I recently experienced a timeout error while offloading backups to a capacity tier (Azure BLOB). It occurred whenever Veeam offloaded large quantities of backup files simultaneously, typically any more than 6 backup files at a time would result in the offload failing.
This was a problem because the automatic SOBR offload process would process 40+ backup files at a time, most of which would fail until only 6 backup files remained in the queue, at this point the 6 remaining backup files would offload successfully. Typically there would be 250 or so backups in the offload queue, Veeam would offload these backup files for an hour until the timeout error occurred, then Veeam would start the next batch of 40 backups files to be offloaded.
Looking at the Veeam offload job logs (located in the main folder of the Veeam server logs, path ‘C:\ProgramData\Veeam\Backup\SOBR Offload’) we could see the following,
[18.08.2019 11:21:23] <176> Info – – – – Response: Archive Backup Chain: b14e8dd9-2351-4236-bd54-a08339859d49_40f33f92-ca5a-45ac-a2ec-d674efd0383d
[18.08.2019 12:57:26] <844> Error AP error: WinHttpWriteData: 12002: The operation timed out
[18.08.2019 12:57:26] <844> Error –tr:Write task completion error
[18.08.2019 12:57:26] <844> Error Shared memory connection was closed
At the time of troubleshooting, Veeam was allocated less than 50Mbps for offloading backups to BLOB. A correlation between internet bandwidth and the number of parallel offloading backup files was found, increasing the bandwidth via QoS resulted in more successful backups being offloaded simultaneously.

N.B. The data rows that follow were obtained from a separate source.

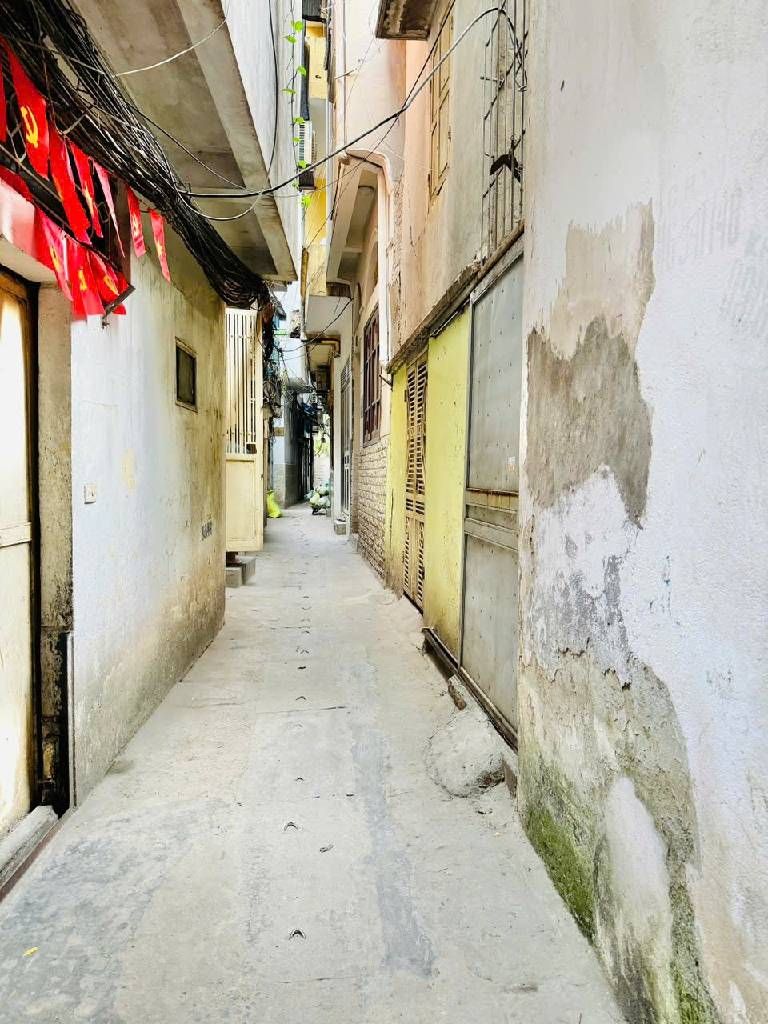 Alternative view of Bán Nhà Đê Trần Khát Chân: 4 Tầng – Mặt Tiền 4.5m – 4 Ngủ – Sát Vành Đai 1 – Giá 8.35 Tỷ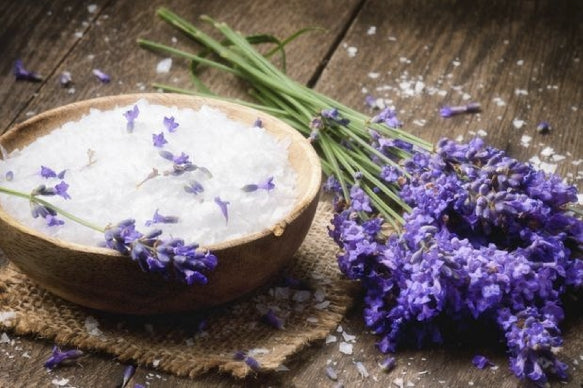 10 Ways to Use Lavender Topically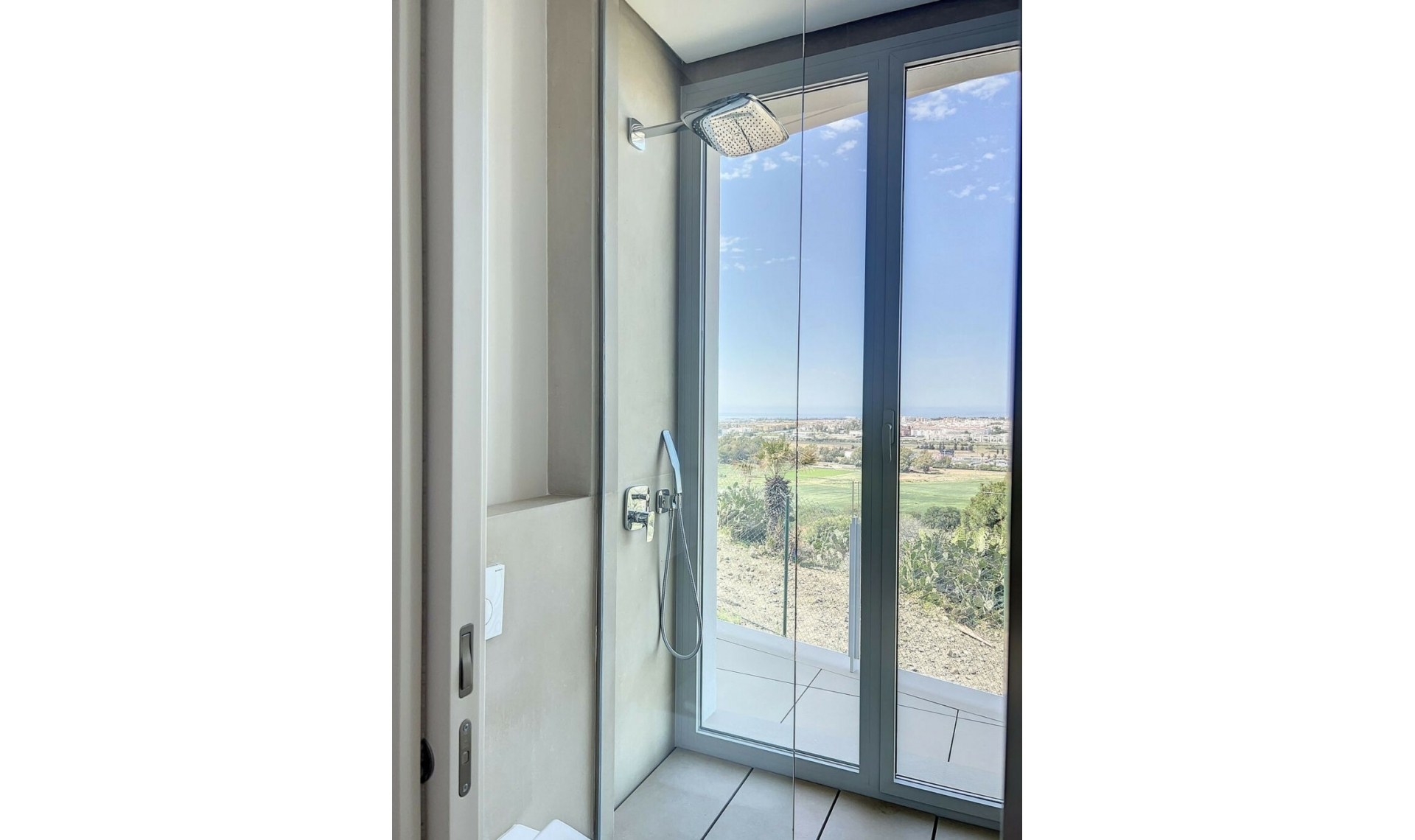 Resale - House -
Nueva Andalucía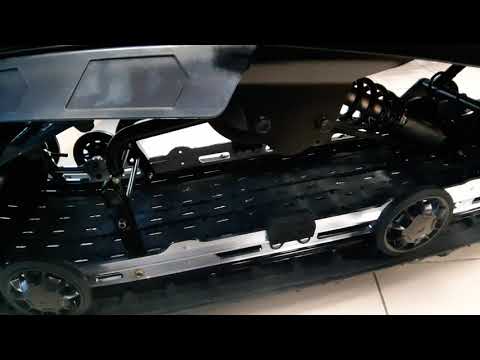 Видео: Про подвеску EASYRIDE,  лыжи BLADE DS+ и вариатор Drive.  Снегоходы BRP LYNX 2021 модельного года.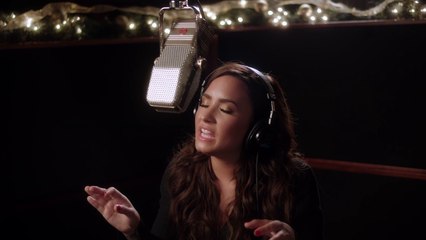 Demi Lovato - Silent Night (Honda Civic Tour Holiday Special)
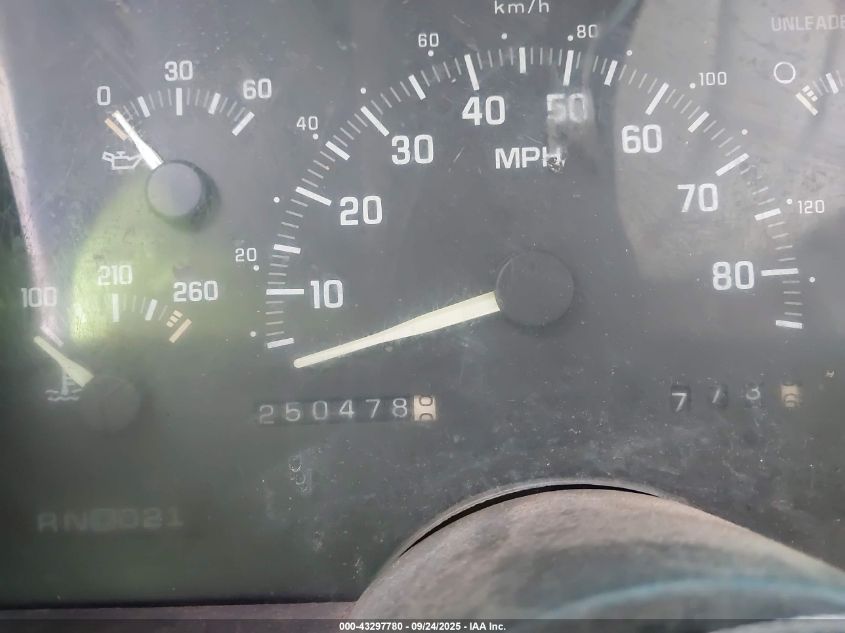 1993 Chevrolet Gmt-400 C1500 VIN: 1GCEC14H4PZ192919 Lot: 43297780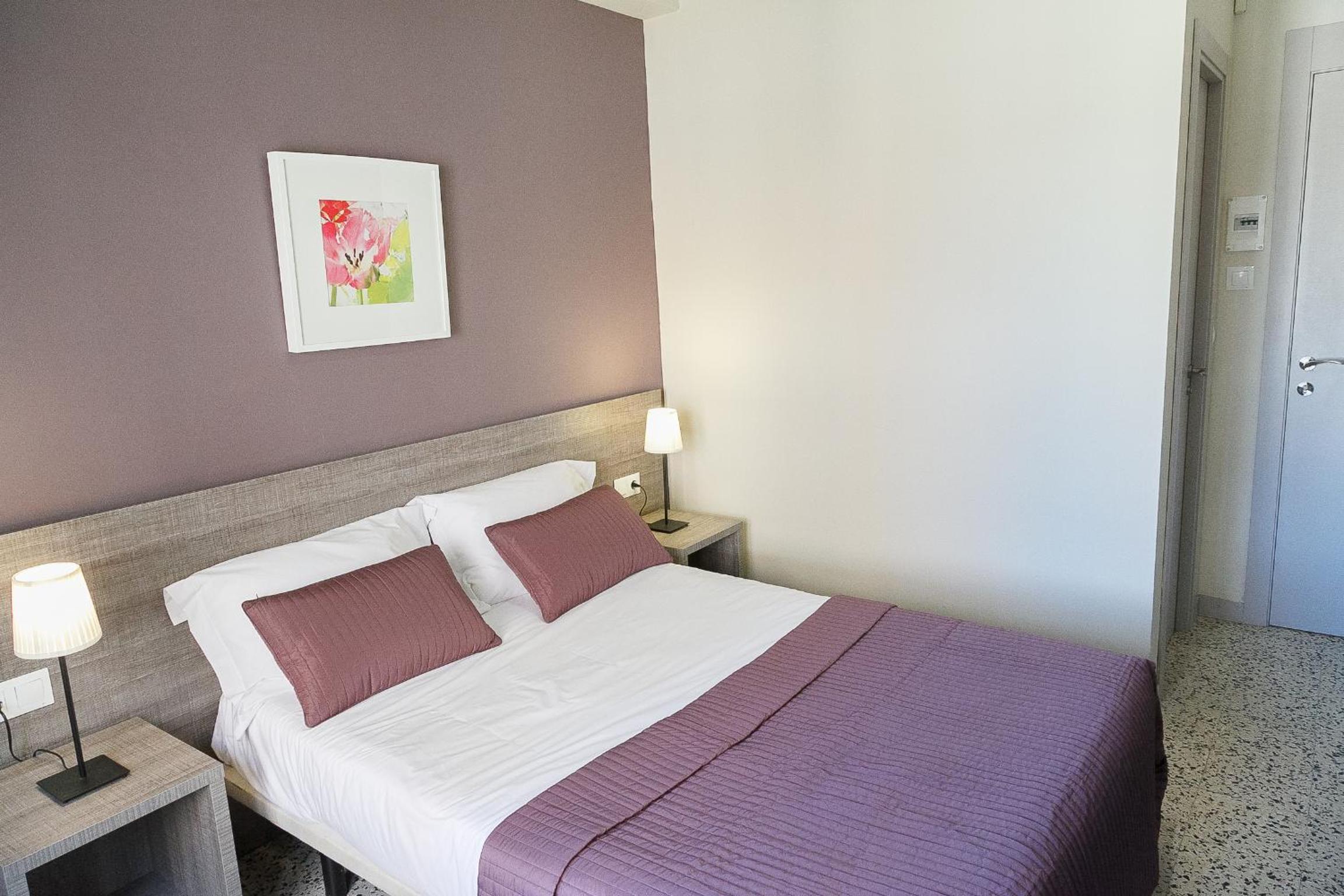 Twin Room with Private Bathroom - Photo 5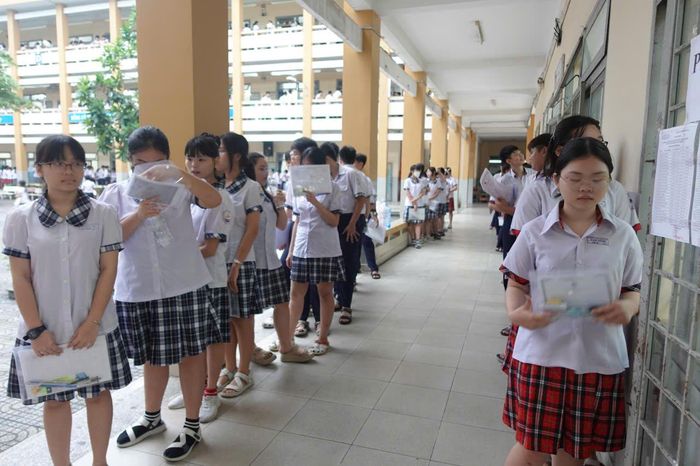 Khoảng 7 giờ 10 các thí sinh bắt đầu chờ vào phòng thi.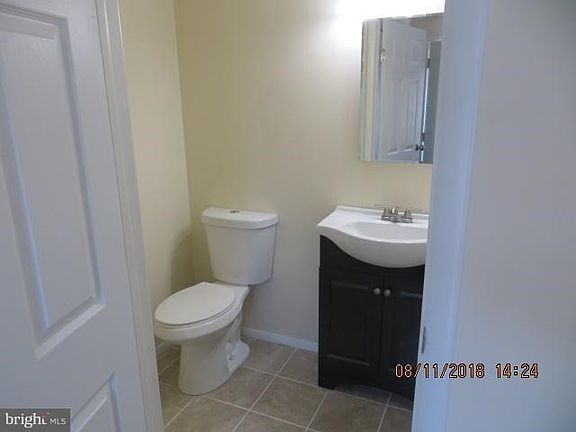 2nd image of 7536 Whaler Ct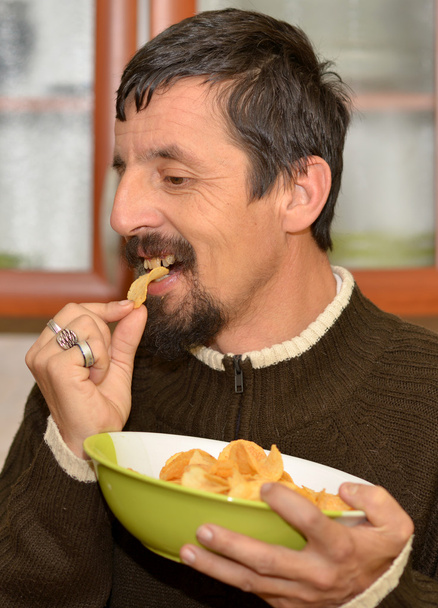 genç esmer adam yemek fişleri portresi - Fotoğraf, Görsel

Veeam was offloading 40 backups in parallel during SOBR offload jobs, this 40 number comes from the ‘Limit maximum concurrent tasks to <N>‘ setting on the performance tier extent configured in the SOBR. Given this extent was the target for a substantial backup copy job, the concurrent task limit was set to 40 (appropriate for the core count on the repo). Reducing the maximum concurrent tasks to 6 or less would stop the offload timeout error but backup copy performance suffered which meant the Veeam was no longer meeting the required RPOs.
To ensure Veeam was indeed the problem, Veeam was removed out of the picture. Leveraging Azure Storage Explorer to upload multiple backup files demonstrated no errors would occur.
Veeam support suggested trying to reducing the number of Azure concurrent tasks, made possible via a registry tweak configured directly on the Veeam Backup Server. The registry path is as follows “HKEY_LOCAL_MACHINE\SOFTWARE\Veeam\Veeam Backup and Replication\”
- Description: Amount of parallel HTTP requests for data upload (tasks) to Azure archive tier. Applied either on VBR server and applied automatically to all extents/gates, or can be set specifically on the extent/gate. Key on VBR server has higher priority.
- Default Value: 64
Initially, a value of 10 was set for ‘AzureConcurrentTaskLimit’, however, offloading backups were still failing with timeout errors. Only after dropping the value to 1 did the timeout issue stops occurring.
Once internet bandwidth was increased to 800Mbps for Veeam, the registry key value was changed back to 64. Testing showed the stability of SOBR offload job with faster links was substantially better than SOBR offload jobs with slower links pre-registry change but it would still experience a timeout once or twice a month with the new faster link. Roughly speaking it worked out to be less than 0.1% of all SOBR offloads per month experiencing a timeout on the faster link. The failure of a couple of offloads per month wasn’t a huge concern because the retry would always be successful but to ensure the best experience possible the ‘AzureConcurrentTaskLimit’ registry key was changed to 8 with the plan of increasing it slightly until a limit is found.
It’s worth mentioning that lowering the Azure concurrent task limit may reduce throughput but it’s more likely to saturate the network if the data being offloaded is not too small (small and numerous files will likely wait a little longer in processing stages than offloading stages).